Hungry for more than cooking shows – revisited

This article, published in the Opinion section of The Age on 11 January 2011, was named one of the best articles in Australia by The Week magazine, in its 14 January edition of that year.

The Week is a UK magazine that describes itself as “a new and unique magazine that distils the most important news and comment from the world’s media into an essential weekend read”. An Australian edition was published from 2008-2012.

What’s changed? Do you agree?

HUNGRY FOR MORE THAN COOKING SHOWS

WHEN the ratings period starts again next month and TV programmers serve up a banquet of new cooking shows, spare a thought for the world’s hungry.

There are about a billion undernourished people in the world today, according to the website worldhunger.org, an online publication of the Washington-based private charity World Hunger Education Service.

While you digest that, I can also tell you that there are more than 1.1 billion overweight people and that in America, alone, nearly 70,000 tonnes of food is being wasted each day, while $140 billion is being spent on obesity-related diseases.

More or less.

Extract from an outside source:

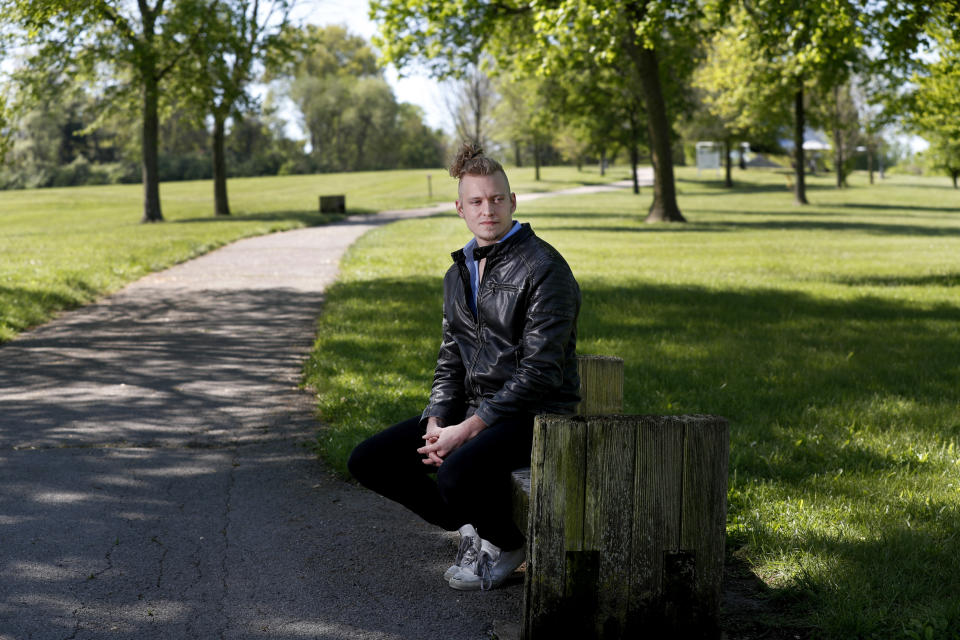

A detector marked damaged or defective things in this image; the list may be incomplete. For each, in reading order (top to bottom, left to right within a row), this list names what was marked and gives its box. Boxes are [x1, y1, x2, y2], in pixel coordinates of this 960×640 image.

cracked asphalt [0, 206, 528, 640] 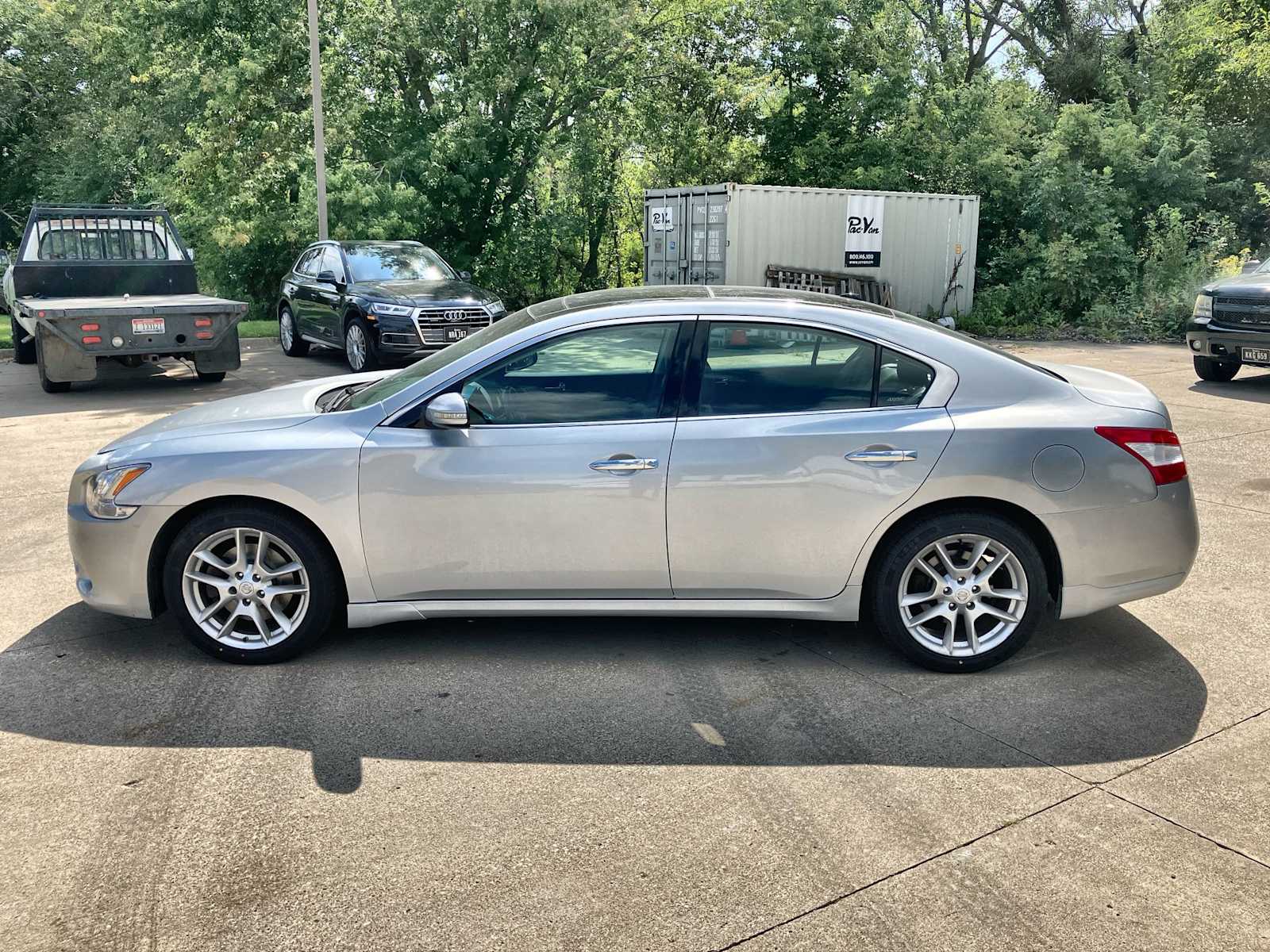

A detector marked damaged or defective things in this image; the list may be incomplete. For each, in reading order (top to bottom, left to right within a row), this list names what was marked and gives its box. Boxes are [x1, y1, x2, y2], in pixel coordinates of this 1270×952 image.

pavement crack [706, 792, 1092, 952] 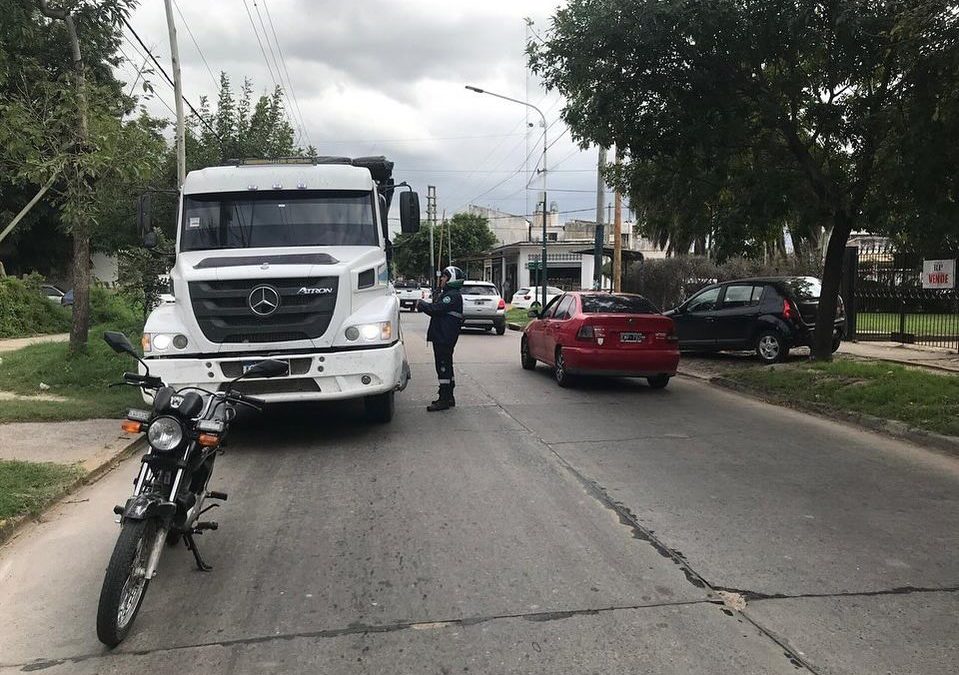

It’s hard to put a final figure on it as stopthehunger.com features all these stats in real time, which means you can watch hunger grow before your very eyes.

Like you, I can do without lashings of guilt to add to the New Year’s diet plan, but today’s national obsession with cooking and eating does seem incongruous when you think that while half the world is cooking or watching cooking shows or reading cookbooks, a significant other part is starving.

It will be interesting to see whether predictions of food shortages and price rises resulting from the devastating Queensland floods will diminish our appetite for this feast of food shows.

While economists are predicting that the food shortages will have only a minor effect on the Australian economy, and that the ensuing rebuilding program will even boost our GDP, people in developing countries, where most of the world’s hungry live, are not so lucky.

As reported in this paper last week, the price of soft commodities such as sugar, grain and oilseed drove world food prices to a record last month, according to a monthly index published by the United Nations.

Increasing demand due to population increases, rising oil prices, a decline in agricultural investment, and the effects of war, drought, flood and earthquakes, have all contributed to the global food security crisis.

But while Rome burns, back in the kitchen we are fiddling around with our food processors.

A report by the Australia Institute in November 2009, titled What a Waste – an analysis of Australian expenditure on food, revealed that “Australians are throwing out more than $5 billion worth of food each year – more than we spend on digital equipment and more than it costs to run the Australian army”.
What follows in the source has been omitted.